Vasco da Gama, episode #6 (or, “The Maltese Vasco”)

     This, folks, is the episode where Vasco da Gama becomes Vasco da Gama.

     Maybe I should say “the episode where Vasco da Gama becomes VASCO DA GAMA”, just to emphasize it. After five episodes, we were starting to get comfortable enough with doing a half-hour comedy show to throw out all the rules we’d set up for it. From here on in, the series is all about identifying our own rules, breaking them, and stomping on the broken pieces just to make sure everybody saw what we did, so they could tell on us.

     It’s been twenty years, so there’s no sense waiting around for anyone to tell on us—I’ll do it myself. First of all, the show doesn’t open with the familiar Vasco theme song…although it does open with a better explanation of Vasco’s basic premise than any we’d come up with so far. That figures. It also figures that the episode of the “Vasco da Gama” sitcom that we wedged into the middle of this story is tighter and better paced than any of its predecessors.

     It really also figures that this episode full of rule-breaking is the one that introduces one of Vasco’s character-defining obsessions: his professional rivalry with (read, “hatred of”) Christopher Columbus. No, I don’t know why it didn’t dawn on me sooner, but you can bet I used the idea every chance I got after that. It is a sitcom, after all…well, the bit with Vasco in it is, anyway…what I mean to say is that the part of Vasco da Gama where Vasco da Gama plays Vasco da Gama is a sitcom, as opposed to the part where Vasco da Gama plays himself, which is to say Vasco da Gama, but doesn’t play Vasco da Gama, in the sense of Vasco da Gama playing Vasco da Gama…oh, the heck with this; I’ve painted myself into a corner and I know it. You figure it out.

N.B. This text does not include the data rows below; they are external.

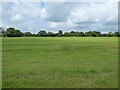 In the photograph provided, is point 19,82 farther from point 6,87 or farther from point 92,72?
point 92,72

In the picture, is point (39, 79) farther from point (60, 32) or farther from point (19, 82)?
point (60, 32)

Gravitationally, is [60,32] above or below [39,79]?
above

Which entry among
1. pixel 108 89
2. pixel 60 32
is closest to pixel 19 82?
pixel 108 89

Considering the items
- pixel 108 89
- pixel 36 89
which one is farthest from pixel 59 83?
pixel 108 89

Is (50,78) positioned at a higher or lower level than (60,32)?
lower

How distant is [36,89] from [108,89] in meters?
2.57

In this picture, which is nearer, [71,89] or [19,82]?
[71,89]

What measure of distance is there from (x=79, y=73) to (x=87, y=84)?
110 centimetres

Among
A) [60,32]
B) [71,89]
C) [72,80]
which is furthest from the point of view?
[60,32]

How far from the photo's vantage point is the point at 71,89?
3.82 meters

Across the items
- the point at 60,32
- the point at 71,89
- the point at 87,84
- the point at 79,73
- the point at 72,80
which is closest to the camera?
the point at 71,89

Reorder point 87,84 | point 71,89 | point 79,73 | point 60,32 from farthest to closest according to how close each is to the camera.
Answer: point 60,32 < point 79,73 < point 87,84 < point 71,89

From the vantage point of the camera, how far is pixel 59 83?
14.0 feet

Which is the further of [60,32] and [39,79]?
[60,32]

     There’s a lot more that I could say about this episode, but since the whole thing is about stuff you didn’t see coming, that’d spoil the surprise, now wouldn’t it? Go ahead—click on the link. You can always ask me about anything that piques your curiosity by writing in the lonely empty “comments” section at the bottom of this post.


    Okay, I’ll tell you ONE thing. Around the 7:30 mark, you’ll hear a rather peculiar proposal for funeral arrangements. It’s not really meant to be a joke—this is more or less how I want to go.

     Hm…maybe you won’t be so eager to ask me anything more when you find out what I’m talking about there. Sorry about that.